As I was leaving to pick up the boys from school I happened to call Mike and just see how he was doing. He sounded upset and I asked if he was ok and he said something like, "I'm just trying to process the new information I've received." I asked him if there was more and what else was happening now and he said that he wasn't going.
I was stunned. What did he mean he wasn't going? He explained that the slot he volunteered for was a "do not fill" slot and somehow they had put him in that slot but once they realized what had happened they canceled his deployment. He isn't going. HE ISN'T GOING!
I'm in shock. We both are. My first response was to be very hesitant about showing my excitement. I worried that Mike was disappointed because he had felt good about going and had really weighed the positives against the negatives. When I asked him how he felt and if he was ok with not going he said, "I'm thrilled!" And then I just started crying. He wanted to surprise me so he had pretended to be a little upset and sad when he first answered.

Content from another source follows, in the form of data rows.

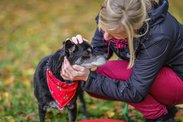 Projekt doživotních péčí pro psí seniory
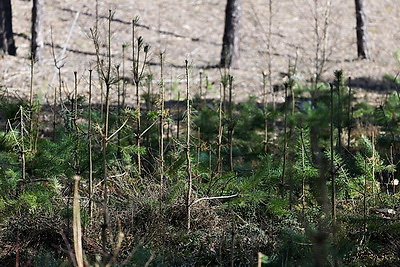 Что делают в Минской области для снижения количества ДТП с дикими животными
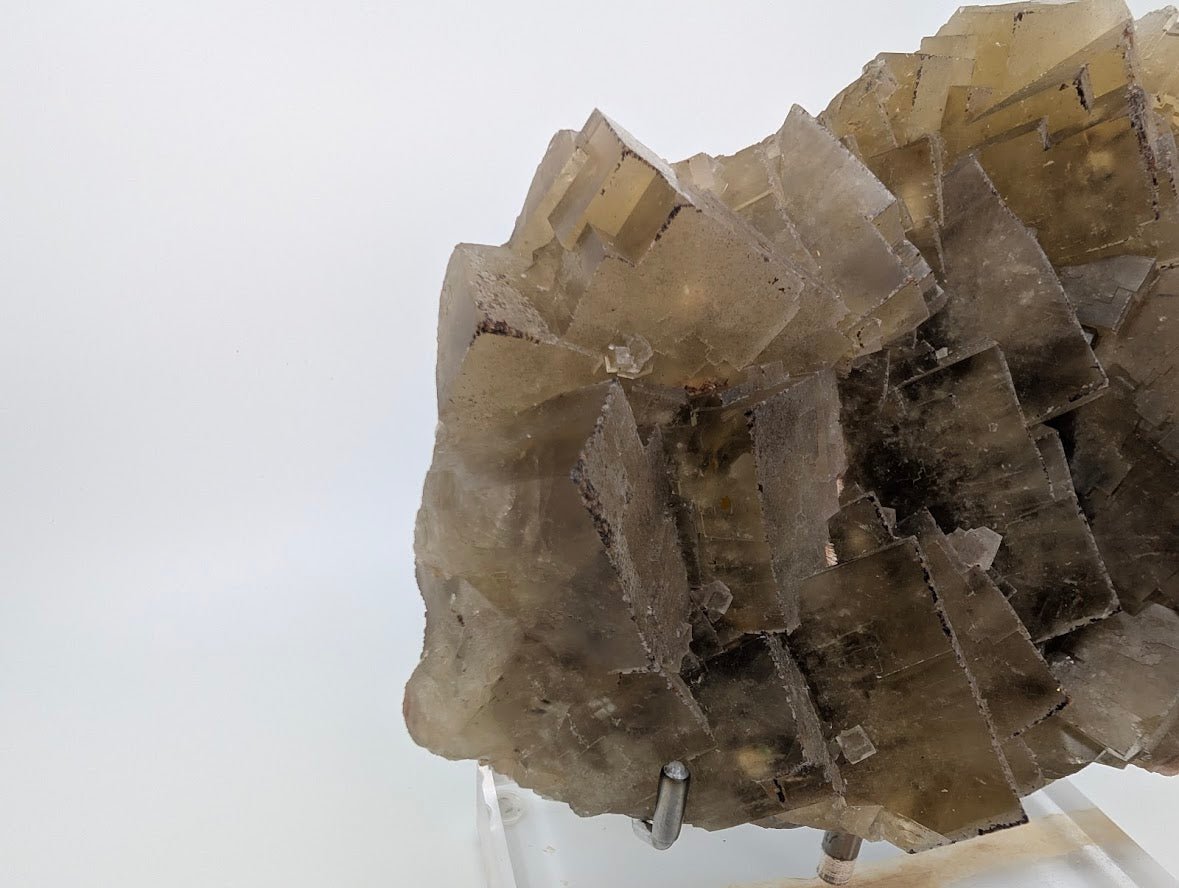 Large Yellow Fluorite Specimen – 9x7 Inches – From Beijing, China - Legacy Crystals and Minerals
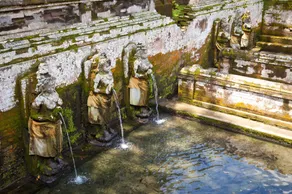 Villa Uma Dangin - Image 2
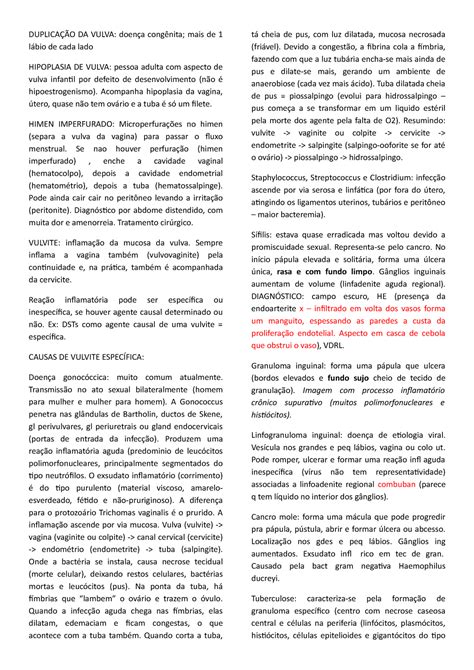 Aula Patologia De Vulva E Vagina Da Vulva Mais De De Cada Lado Hipoplasia De Vulva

I can't believe it. I really can't. It has been such an emotional roller coaster and my mind was completely fixed on him going and being alone and having to shoulder this burden of taking care of our family. In my mind I made plans to make a "Flat Mike" so he could participate in our birthdays and holidays. I had prepared Family Home Evenings so that I wouldn't be stressed about doing that last minute. I had talked to the boy's teachers to just make them aware that the boys might go through a phase for awhile until we got used to Mike being gone. I had anticipated Mike missing so much of Piper's growth and thought about how she would be scared of him at first. I had considered getting babysitting lined up for me to get a break. Mike had made a list of things he did and all the important information I'd need in case something went wrong (how he'd fix it or who to call).
And now he's staying and I can barely believe it. It's like a complete mind shift has to occur now. I'm so relieved and so confused and feel so emotionally drained. Just last night I was sitting on the couch sobbing my eyes out that he was leaving tomorrow. And now I am sitting here in shock that he isn't even going at all. And grateful.
It has been such an emotionally draining experience for me and has been so back and forth that I can barely even get my hopes up that it can really be cancelled. We both keep thinking that tomorrow we are going to get another email saying, "Just kidding. You still have to go." But, I'm hoping this is the final answer.